Question

Two spheres of the same material and same radii r are touching each other. The gravitational force between the spheres is proportional to

• A. $\frac{1}{r}$
• B. $r^2$
• C. $\frac{1}{r^4}$
• D. $r^4$

Answer 1

Answer: (D)

$r^4$

Answer 2

Here's how to determine the proportionality:

1. Mass and Radius Relationship:
   Since the spheres are made of the same material, their density ($\rho$) is the same.
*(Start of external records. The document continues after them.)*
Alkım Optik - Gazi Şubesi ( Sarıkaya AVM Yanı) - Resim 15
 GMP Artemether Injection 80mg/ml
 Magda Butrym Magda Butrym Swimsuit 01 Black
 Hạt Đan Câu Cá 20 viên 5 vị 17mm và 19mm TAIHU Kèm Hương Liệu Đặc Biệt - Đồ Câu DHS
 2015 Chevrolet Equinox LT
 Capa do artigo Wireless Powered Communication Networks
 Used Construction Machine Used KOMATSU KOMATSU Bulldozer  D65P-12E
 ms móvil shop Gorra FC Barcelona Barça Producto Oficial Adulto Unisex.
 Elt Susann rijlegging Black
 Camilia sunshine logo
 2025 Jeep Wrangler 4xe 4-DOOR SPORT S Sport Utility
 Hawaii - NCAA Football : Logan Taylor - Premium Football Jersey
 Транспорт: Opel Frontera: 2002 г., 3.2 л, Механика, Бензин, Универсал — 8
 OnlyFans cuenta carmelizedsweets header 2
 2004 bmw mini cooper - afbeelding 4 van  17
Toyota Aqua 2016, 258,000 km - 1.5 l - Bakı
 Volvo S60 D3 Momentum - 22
The mass ($M$) of each sphere is proportional to its volume, which in turn is proportional to $r^3$.

   $$M \propto r^3$$

2. Distance Between Centers:
   Since the spheres are touching, the distance ($d$) between their centers is $2r$.

   $$d = 2r$$

3. Newton's Law of Gravitation:
   The gravitational force ($F$) between the spheres is given by Newton's Law of Gravitation:

   $$F = G \frac{M^2}{d^2}$$

   Where $G$ is the gravitational constant.

4. Substituting and Simplifying:
   Substitute $M \propto r^3$ and $d = 2r$ into the equation:

   $$F \propto \frac{(r^3)^2}{(2r)^2} = \frac{r^6}{4r^2} = \frac{1}{4}r^4$$

   Therefore, the gravitational force $F$ is proportional to $r^4$.

   $$F \propto r^4$$